In remarks that betrayed barely suppressed disappointment and anger, President Joe Biden promised that his administration would pivot to provide debt relief to student loan borrowers in the wake of the Supreme Court blocking his previously announced plan.
“I believe the court's decision to strike down my student debt relief program was a mistake,” Biden told reporters Friday. “I’m not going to stop fighting to deliver borrowers what they need, particularly those at the bottom end of the economic scale. So we need to find a new way.”
That new way, Biden said, involves authorizations within the Higher Education Act of 1965 that would allow Education Secretary Miguel Cardona to compromise, waive or release loans. In addition, the Department of Education has established the “most affordable repayment plan ever created,” which is intended to help borrowers save more than $1,000 per year.
Rather than operating under the HEROES Act of 2003 to modify and relieve loans, which Chief Justice John Roberts and the high court's 6-3 conservative majority rejected, the Biden administration is instead going to use the Higher Education Act of 1965 as its pathway to forgive student debt.
The HEA, which passed under President Lyndon Johnson’s watch, after he told Congress that “higher education is no longer a luxury, but a necessity.” allows the Secretary of Education to modify, compromise, waive or release student loans — even for those who do not meet criteria for specific cancellation programs codified in the law.
Officials were light on details of the new plan, saying they had to go through the “negotiated rulemaking” process. The White House said that process was already initiated on Friday and a virtual public hearing will be held on July 18.
Bharat Ramamurti, deputy director of the White House National Economic Council, said it was still too early to know if the number of Americans who will benefit from this plan is similar to the number estimated to benefit from the previous one.
“Part of how we do this process is that we initiate it, we put a proposal on the table, we work with stakeholders to get their input, that ends up shaping the scope of the proposal,” Ramamurti said during a White House briefing immediately following Biden’s remarks. “We have clear guidance from the president and the secretary that our goal is to provide relief to as many borrowers as possible under this process.”
Democratic lawmakers have, in the past, urged the White House to use the HEA’s provisions to cancel student debt. In his remarks, Biden said that using the HEA is “legally sound," but is "going to take longer,” adding that it stands as the “best path that remains to provide for as many borrowers as possible.”
Ahead of the Supreme Court’s decision, members of Biden’s administration, and the president himself, expressed confidence on multiple occasions that they had the legal authority to move forward with their plan under the HEROES Act. When pressed about why the White House believed this new plan would not face the same fate in the high court, Secretary of Education Miguel Cardona and Ramamurti did not go into detail about how or why it was more legally sound.
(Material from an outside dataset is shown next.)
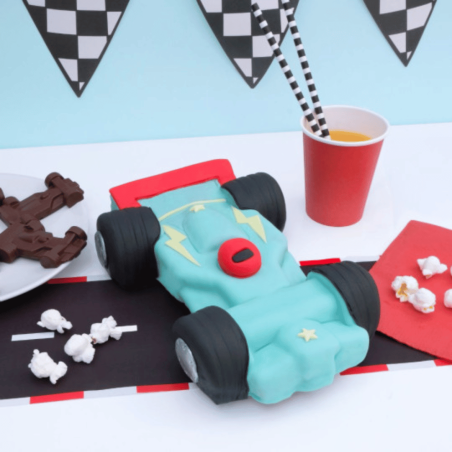 idée déco moule silicone voiture formule 1 bleue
“The Higher Education Act has a pathway and we are going to use that pathway,” Cardona said, adding the reason the administration pursued debt relief through the HEROES Act first was because the “pathway was quicker and we had the authority to do that.”
The administration also announced a 12-month “on-ramp” repayment plan in which borrowers will not receive harsh financial penalties, such as being reported to credit bureaus or debt collection agencies, if they miss a payment between Oct. 2023 and Sept. 2024. The idea is to ease borrowers into paying federal loans after the three-year pandemic pause.
“I know there are millions of Americans in this country who feel disappointed and discouraged, or even a little bit angry about the court’s decision on student debt,” Biden told reporters Friday. “I must admit, I do too.”
The program was set to begin, Biden said — the website was ready, 26 million people had already applied to the program, notices were sent out to Americans, and the “money was literally about to go out the door,” the president noted.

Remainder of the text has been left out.